* [BRIEF]: Each line of the data must reappear exactly in your answer, with no images included.

* [TASK MATERIAL]:
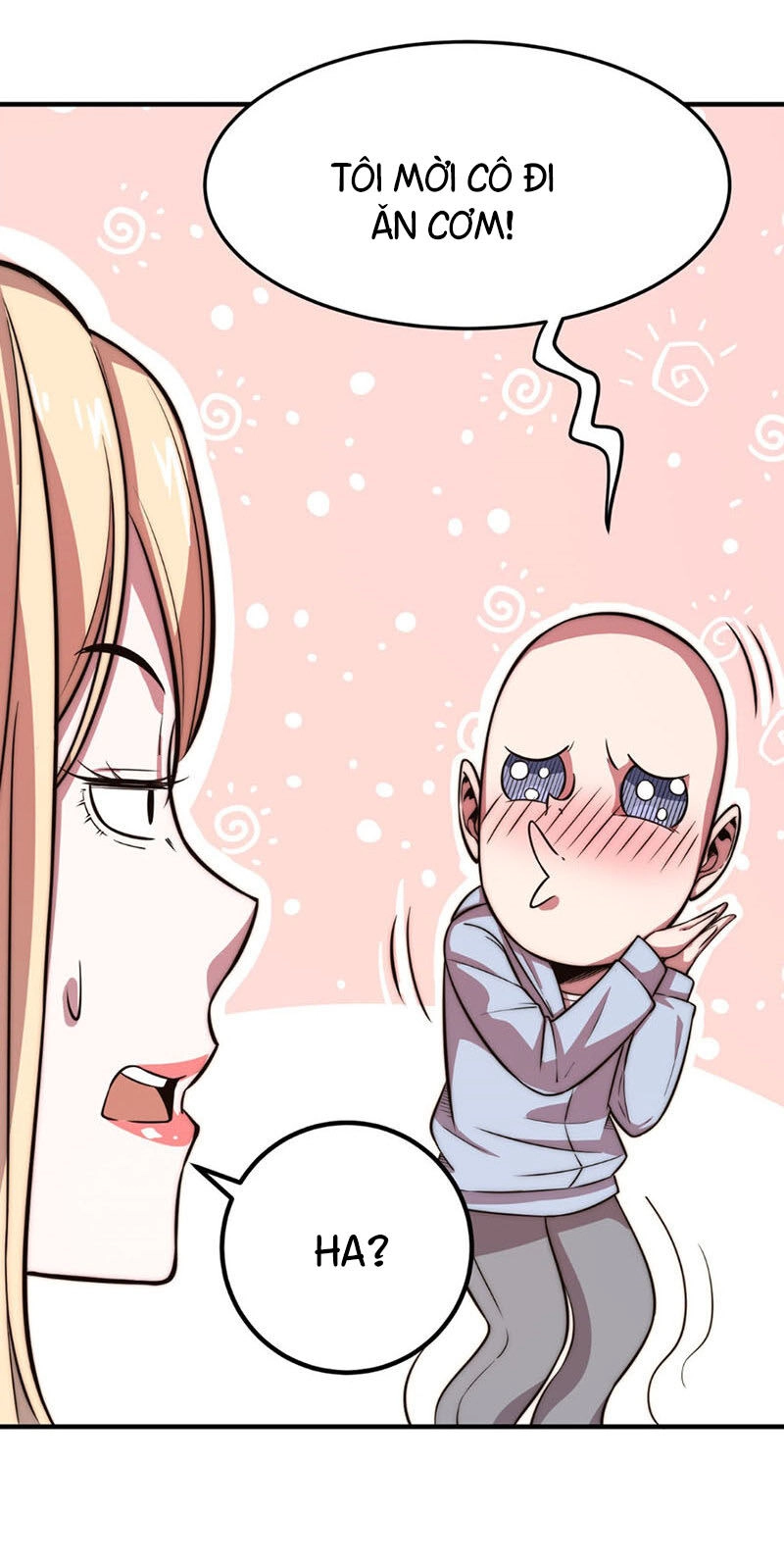 Hắc Tạp Chapter 18 - 24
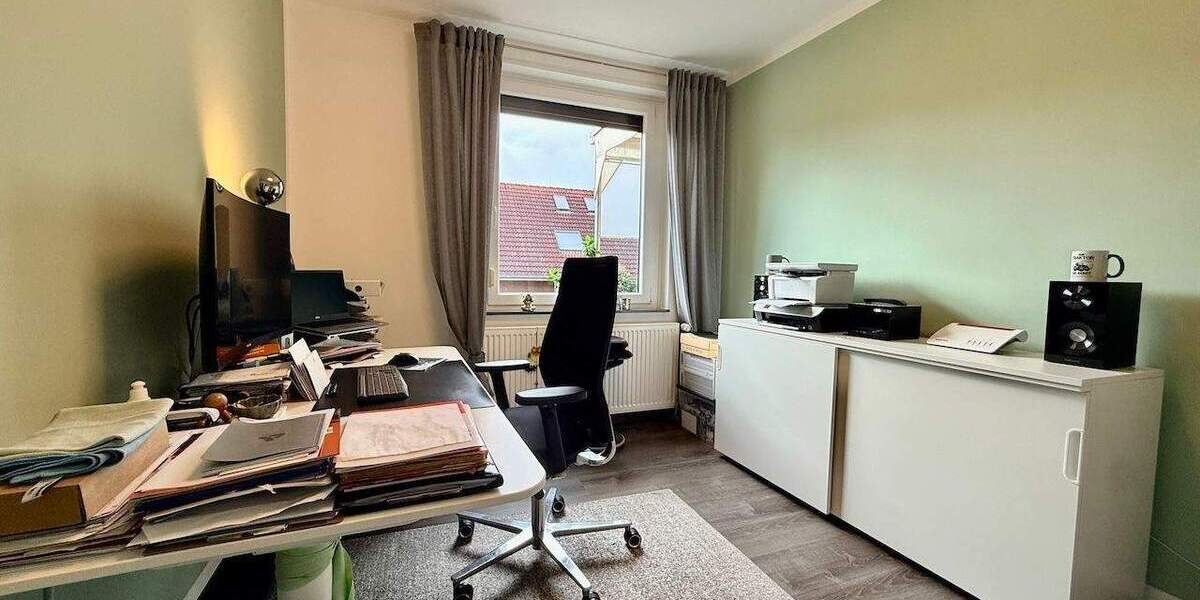 Mehrfamilienhaus, Wohnhaus Neustadt am Rübenberge Neustadt - 6 Zimmer, 160 m&sup2;, 469.000&euro; | Angebot:25677436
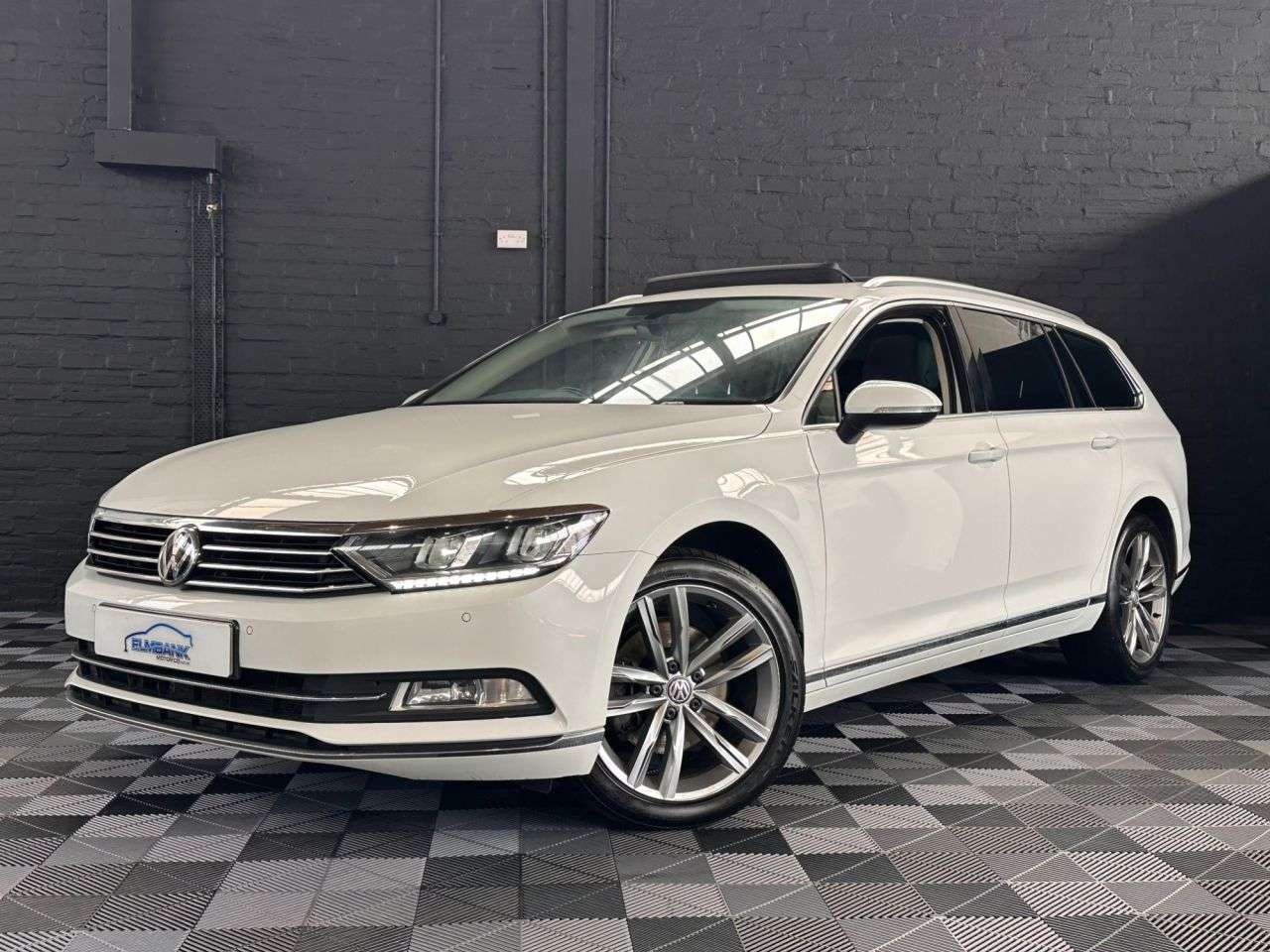 2019 VOLKSWAGEN PASSAT 2019 VOLKSWAGEN PASSAT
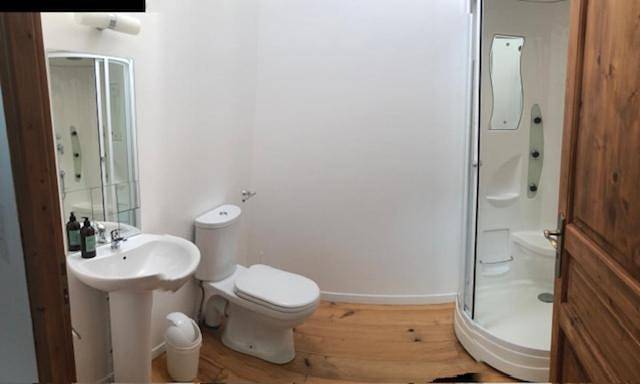 Location de vacances pour 2 personnes, avec jardin et piscine à Clussais-la-Pommeraie - 3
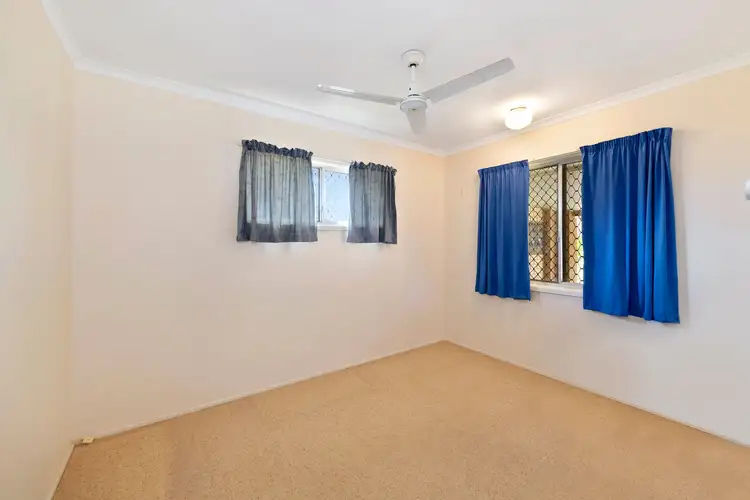 Seventh view of Homely house listing, 29 Anderson Street, Avenell Heights QLD 4670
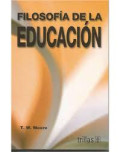 Filosofía de la educación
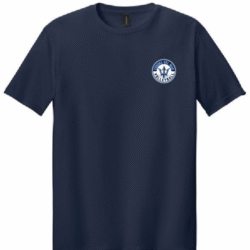 CDM Short Sleeve T-Shirt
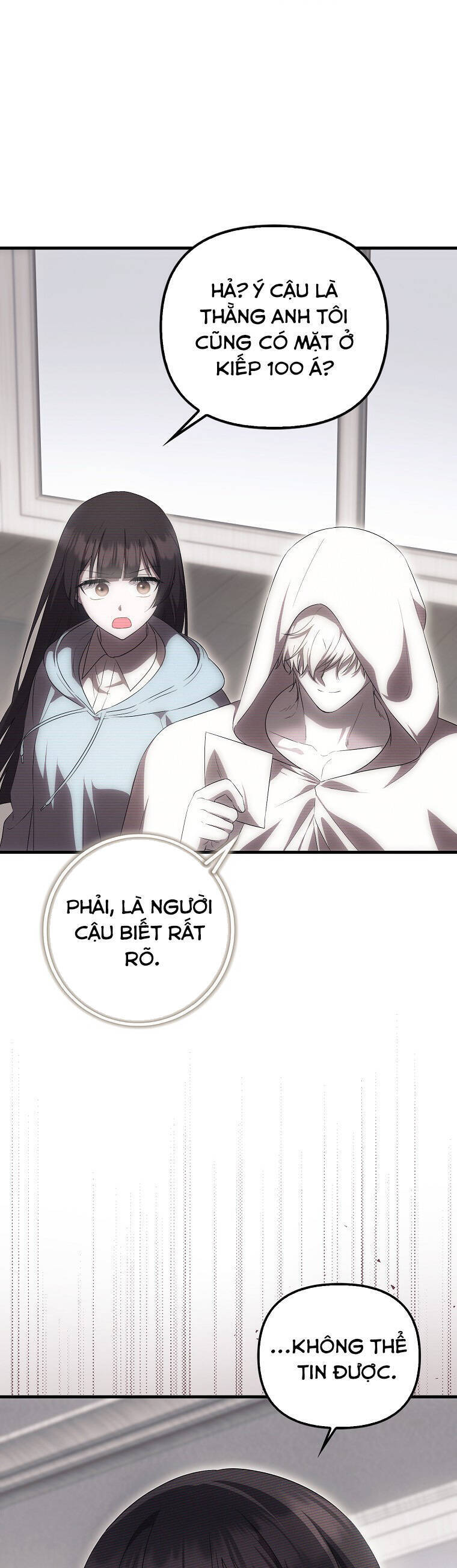 Lần Đầu Tiên Được Yêu Thương - Chapter 52 - Page 34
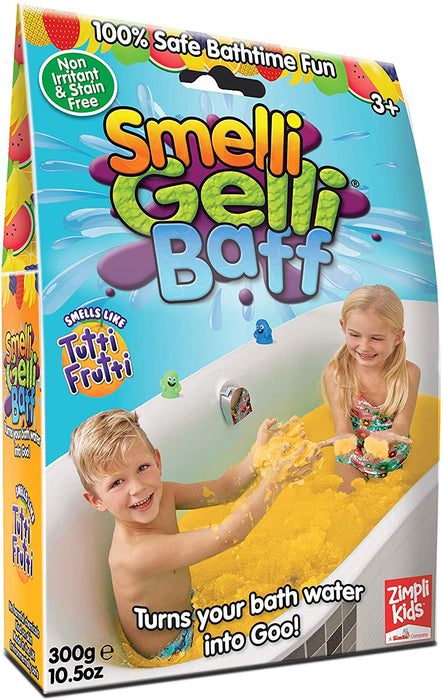 Smelli Gelli Baff-300g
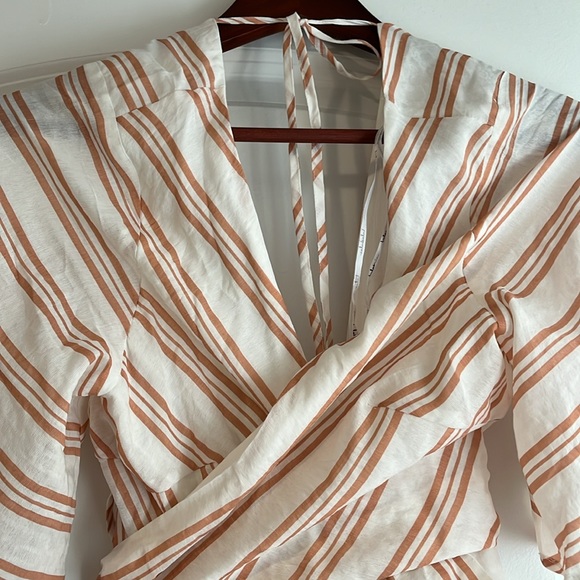 Lulu’s short dress size Large - Picture 2 of 7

* [RESPONSE]:
 Hắc Tạp Chapter 18 - 24
 Mehrfamilienhaus, Wohnhaus Neustadt am Rübenberge Neustadt - 6 Zimmer, 160 m&sup2;, 469.000&euro; | Angebot:25677436
 2019 VOLKSWAGEN PASSAT 2019 VOLKSWAGEN PASSAT
 Location de vacances pour 2 personnes, avec jardin et piscine à Clussais-la-Pommeraie - 3
 Seventh view of Homely house listing, 29 Anderson Street, Avenell Heights QLD 4670
 Filosofía de la educación
 CDM Short Sleeve T-Shirt
 Lần Đầu Tiên Được Yêu Thương - Chapter 52 - Page 34
 Smelli Gelli Baff-300g
 Lulu’s short dress size Large - Picture 2 of 7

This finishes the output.